Биограф Кука старается оправдать этот поступок своего знаменитого соотечественника вспыльчивостью капитана и неожиданностью сопротивления туземцев. Хотя тут же приводит выдержку из дневника Кука, не совсем его реабилитирующую:
«Конечно, индейцы не заслуживали смерти за нежелание довериться моим обещаниям и войти в мою шлюпку, даже если бы они не подозревали такой опасности, но моя цель требовала изучения их страны, что я мог совершить двумя способами — силой или завоеванием их благосклонности. Я уже испробовал власть подарков, но напрасно; моим единственным желанием было избегнуть всякой враждебности я привести нескольких индейцев на мою шлюпку, как способ убедить их, что мы не хотим причинить им зла и что мы можем способствовать их счастью. Мои намерения, следовательно, не были преступны. По правде, в этой ссоре, которую я нимало не предвидел, мы могли бы одержать полную победу, не проливая столько крови. Но, однако, при таких обстоятельствах, когда отдан приказ открыть огонь, никто уже не может ни ограничит) опасность, ни предписать ее результатов».
Кук раскаивается в необдуманности своего поступка. Ведь можно было и не отдавать приказа открывать огонь? Пойманные и увезенные на корабль туземцы тоже, как показывают дневники, никому не были нужны, да и место, где произошло столько напрасных драк и убийств, было вскоре оставлено Куком. Филантроп бывал иногда слишком «вспыльчив».
Куку положительно не понравился воинственный нрав островитян, и он решил, не останавливаясь, двигаться на юг и при приближении лодок с вооруженными туземцами приказывать стрелять из пушек, что наводило страх на дикарей.
Шесть месяцев плавания убедили Кука, что эта земля вовсе не разыскиваемый Южный Материк. Наблюдения прохождения планеты Меркурия, записанные Грином 9 ноября, и вычисленные Куком широта и долгота точки наблюдения утвердили это положение. Кроме того, стало ясным, что это та самая земля, которую в 1642 году открыл голландец Авель Тасман, подплывший к ее восточным берегам.
За все время плавания поведение туземцев вызывало целый ряд недоразумений. Офицеры и матросы, раздраженные таким недружелюбным приемом, выходили из повиновения и по-своему расправлялись с ворами и обидчиками. Кук сек и сажал в трюм, но терял самообладание и подчас чувствовал, что поведению экипажа сам давал дурной пример. Стычки с островитянами происходили чуть ли не на каждой остановке, и либеральные намерения Кука каждый раз разбивались об упорство «диких» и чувство мести матросов.

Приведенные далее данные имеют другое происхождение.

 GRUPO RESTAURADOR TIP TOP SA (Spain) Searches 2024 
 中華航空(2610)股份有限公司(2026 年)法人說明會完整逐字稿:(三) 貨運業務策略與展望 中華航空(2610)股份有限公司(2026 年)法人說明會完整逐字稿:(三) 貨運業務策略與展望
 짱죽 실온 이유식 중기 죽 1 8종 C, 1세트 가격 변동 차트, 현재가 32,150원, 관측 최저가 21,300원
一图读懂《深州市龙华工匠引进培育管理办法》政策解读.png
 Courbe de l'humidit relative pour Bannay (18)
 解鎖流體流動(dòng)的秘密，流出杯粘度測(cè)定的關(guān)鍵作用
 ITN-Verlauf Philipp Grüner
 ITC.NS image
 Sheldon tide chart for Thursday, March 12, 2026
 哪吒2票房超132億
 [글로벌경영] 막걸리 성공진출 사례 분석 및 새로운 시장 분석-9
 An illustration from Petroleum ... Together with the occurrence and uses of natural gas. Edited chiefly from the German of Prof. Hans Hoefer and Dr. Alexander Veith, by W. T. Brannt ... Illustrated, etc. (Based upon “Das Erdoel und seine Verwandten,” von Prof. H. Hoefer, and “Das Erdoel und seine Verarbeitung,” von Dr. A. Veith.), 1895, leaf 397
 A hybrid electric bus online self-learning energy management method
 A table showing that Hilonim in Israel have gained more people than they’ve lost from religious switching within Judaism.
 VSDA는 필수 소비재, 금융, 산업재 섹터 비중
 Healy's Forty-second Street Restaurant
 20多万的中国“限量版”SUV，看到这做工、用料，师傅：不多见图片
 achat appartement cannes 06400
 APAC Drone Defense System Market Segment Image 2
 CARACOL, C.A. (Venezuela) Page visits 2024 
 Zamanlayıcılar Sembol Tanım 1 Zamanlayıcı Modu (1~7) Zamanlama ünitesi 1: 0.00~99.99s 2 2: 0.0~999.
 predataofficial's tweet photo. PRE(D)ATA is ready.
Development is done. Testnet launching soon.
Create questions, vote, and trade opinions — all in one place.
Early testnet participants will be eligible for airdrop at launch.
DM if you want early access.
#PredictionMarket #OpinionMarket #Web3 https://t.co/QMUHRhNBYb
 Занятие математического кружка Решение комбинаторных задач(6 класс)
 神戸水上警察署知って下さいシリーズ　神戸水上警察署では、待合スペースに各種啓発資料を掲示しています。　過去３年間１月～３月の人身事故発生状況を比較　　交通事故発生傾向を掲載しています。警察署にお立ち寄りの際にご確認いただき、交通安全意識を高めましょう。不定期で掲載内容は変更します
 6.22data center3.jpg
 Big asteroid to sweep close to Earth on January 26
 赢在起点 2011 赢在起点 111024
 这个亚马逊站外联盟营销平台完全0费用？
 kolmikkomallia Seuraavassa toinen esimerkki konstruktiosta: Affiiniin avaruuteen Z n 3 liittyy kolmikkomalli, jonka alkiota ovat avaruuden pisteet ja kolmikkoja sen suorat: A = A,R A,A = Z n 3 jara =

Так по крайней мере он пишет в своем дневнике, перенося всю вину на туземцев или на необузданный нрав матросов. Совершенно ясно, что при наличии на корабле жесточайшей дисциплины и достаточных средств для ее поддержания, поведение матросов вряд ли могло служить причиной возникновения таких стычек. Проговариваясь о своих крутых мерах, Кук спешит успокоить «чувствительных» читателей, убедить их в неизбежности этих мер. Не может он сослаться на секретные инструкции адмиралтейства, предписывавшие беспощадную расправу с «дикими» в случае их сопротивления? Не может он открыто заявить, что его «научное» путешествие рассматривается морским министерством, как разведка военно-морских баз и укрепленных пунктов, как проложение новых путей для военного флота, как начало «мирного» завоевания новых земель во славу британского капитала?